Menurut Luhut, dengan adanya sistem e-katalog nasional, tender instansi kementerian/ lembaga ataupun pemerintah daerah akan berkurang. Risiko korupsi pengadaan barang dan jasa juga bisa diminimalkan. E-katalog juga berpeluang menaikkan pertumbuhan ekonomi sebesar 1,7 persen per tahun berdasarkan kajian Badan Pusat Statistik.
Selain itu, sistem e-katalog nasional diyakini mampu mengakomodasi produk buatan dalam negeri. Apalagi, pemerintah telah menetapkan alokasi belanja untuk pengadaan barang dan jasa buatan lokal setiap tahun. Nilai alokasi pengeluaran tersebut berkisar Rp 400 triliun.
Johnny menambahkan, pemerintah akan ambil bagian menyiapkan aplikasi e-katalog nasional. Menurut rencana, sistem itu akan berjalan di pusat data nasional yang sedang dibangun Kementerian Komunikasi dan Informatika. Adanya sistem e-katalog nasional juga akan mendukung semakin bertumbuhnya inovasi produk dalam negeri.

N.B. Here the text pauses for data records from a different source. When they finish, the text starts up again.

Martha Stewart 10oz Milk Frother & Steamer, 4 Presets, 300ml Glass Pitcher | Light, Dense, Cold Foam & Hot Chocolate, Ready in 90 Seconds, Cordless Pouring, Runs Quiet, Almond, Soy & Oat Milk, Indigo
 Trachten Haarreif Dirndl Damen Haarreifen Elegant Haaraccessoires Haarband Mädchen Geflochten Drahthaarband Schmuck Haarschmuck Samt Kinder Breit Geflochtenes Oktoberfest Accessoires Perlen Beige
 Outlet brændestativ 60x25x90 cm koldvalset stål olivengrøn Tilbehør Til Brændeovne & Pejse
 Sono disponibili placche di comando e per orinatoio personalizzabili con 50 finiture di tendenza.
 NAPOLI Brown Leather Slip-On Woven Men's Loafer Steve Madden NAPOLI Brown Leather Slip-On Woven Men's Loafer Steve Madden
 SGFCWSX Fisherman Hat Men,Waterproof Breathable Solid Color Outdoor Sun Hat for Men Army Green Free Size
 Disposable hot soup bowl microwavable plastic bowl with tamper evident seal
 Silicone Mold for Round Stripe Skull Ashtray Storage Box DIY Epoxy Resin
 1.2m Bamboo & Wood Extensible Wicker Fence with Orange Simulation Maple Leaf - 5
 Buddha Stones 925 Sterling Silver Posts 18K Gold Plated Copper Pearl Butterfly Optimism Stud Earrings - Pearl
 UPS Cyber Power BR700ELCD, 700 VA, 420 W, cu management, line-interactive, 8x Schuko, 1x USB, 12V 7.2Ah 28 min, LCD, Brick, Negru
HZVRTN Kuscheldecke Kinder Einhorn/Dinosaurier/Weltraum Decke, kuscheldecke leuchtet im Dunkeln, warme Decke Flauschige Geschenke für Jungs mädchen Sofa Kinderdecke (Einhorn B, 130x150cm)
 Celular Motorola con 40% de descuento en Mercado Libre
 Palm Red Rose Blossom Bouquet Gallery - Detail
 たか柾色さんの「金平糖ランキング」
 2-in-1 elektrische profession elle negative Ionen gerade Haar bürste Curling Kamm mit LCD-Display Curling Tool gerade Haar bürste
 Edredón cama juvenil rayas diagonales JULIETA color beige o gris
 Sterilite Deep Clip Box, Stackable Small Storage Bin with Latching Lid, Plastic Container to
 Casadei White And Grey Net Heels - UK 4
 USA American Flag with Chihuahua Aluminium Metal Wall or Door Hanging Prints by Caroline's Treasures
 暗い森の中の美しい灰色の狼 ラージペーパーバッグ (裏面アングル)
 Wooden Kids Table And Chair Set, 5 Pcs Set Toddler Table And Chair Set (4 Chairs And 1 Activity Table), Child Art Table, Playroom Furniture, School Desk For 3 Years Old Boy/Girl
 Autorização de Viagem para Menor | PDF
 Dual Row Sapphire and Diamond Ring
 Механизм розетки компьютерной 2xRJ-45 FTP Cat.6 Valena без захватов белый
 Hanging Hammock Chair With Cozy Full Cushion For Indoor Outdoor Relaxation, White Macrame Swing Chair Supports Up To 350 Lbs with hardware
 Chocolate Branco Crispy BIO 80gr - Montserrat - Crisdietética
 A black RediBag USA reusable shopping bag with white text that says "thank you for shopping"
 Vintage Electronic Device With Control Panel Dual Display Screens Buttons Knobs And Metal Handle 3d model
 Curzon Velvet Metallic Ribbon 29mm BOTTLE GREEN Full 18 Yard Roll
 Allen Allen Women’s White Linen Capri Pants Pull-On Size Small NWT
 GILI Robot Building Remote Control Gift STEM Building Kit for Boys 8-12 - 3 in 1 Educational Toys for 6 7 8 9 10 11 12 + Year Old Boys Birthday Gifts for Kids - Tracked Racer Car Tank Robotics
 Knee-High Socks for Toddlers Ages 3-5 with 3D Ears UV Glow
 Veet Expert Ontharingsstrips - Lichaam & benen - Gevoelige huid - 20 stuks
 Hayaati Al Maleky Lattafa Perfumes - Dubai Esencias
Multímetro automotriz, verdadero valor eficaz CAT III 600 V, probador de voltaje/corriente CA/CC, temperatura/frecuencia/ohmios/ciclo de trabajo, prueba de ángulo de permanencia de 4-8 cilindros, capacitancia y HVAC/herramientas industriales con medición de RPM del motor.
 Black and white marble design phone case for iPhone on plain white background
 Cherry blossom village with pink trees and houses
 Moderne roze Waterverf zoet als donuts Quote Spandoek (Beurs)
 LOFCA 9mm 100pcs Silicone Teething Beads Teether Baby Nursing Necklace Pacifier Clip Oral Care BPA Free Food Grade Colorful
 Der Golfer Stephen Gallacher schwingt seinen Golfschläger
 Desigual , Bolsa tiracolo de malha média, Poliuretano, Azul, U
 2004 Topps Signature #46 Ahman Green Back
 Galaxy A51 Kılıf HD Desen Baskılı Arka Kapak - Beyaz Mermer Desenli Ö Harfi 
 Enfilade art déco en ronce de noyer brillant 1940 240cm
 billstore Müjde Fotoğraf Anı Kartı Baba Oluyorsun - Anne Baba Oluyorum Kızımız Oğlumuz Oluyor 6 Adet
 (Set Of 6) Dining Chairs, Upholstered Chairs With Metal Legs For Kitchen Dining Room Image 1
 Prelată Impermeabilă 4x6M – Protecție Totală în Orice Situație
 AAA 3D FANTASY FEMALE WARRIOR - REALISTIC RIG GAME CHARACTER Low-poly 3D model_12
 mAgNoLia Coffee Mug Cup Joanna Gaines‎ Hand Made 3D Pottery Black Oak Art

”Perusahaan besar ataupun skala UMKM lokal pun menjadi memiliki kesempatan luas untuk berkembang dan berpartisipasi dalam ekonomi digital,” ucap Johnny.
Menteri Luar Negeri Retno Marsudi di acara yang sama, mengatakan, salah satu isu penting dalam Digital Economy Working Group G-20 adalah masalah konektivitas. Secara global, masih ada 2,9 miliar orang penduduk dunia yang belum terhubung atau memiliki akses ke internet. Selain itu, separuh populasi di dunia menilai harga layanan internet masih mahal.
“Padahal, ekonomi digital memiliki peluang membantu perekonomian global. Oleh karena itu, dalam forum G-20, kita harus memperkuat kerja sama global mengatasi permasalahan-permasalahan yang bisa menghambat pertumbuhan ekonomi digital. Permasalahannya pun bukan sekadar ketimpangan konektivitas dan harga layanan internet, tetapi juga menyangkut regulasi yang menjamin perlindungan konsumen,” kata Retno.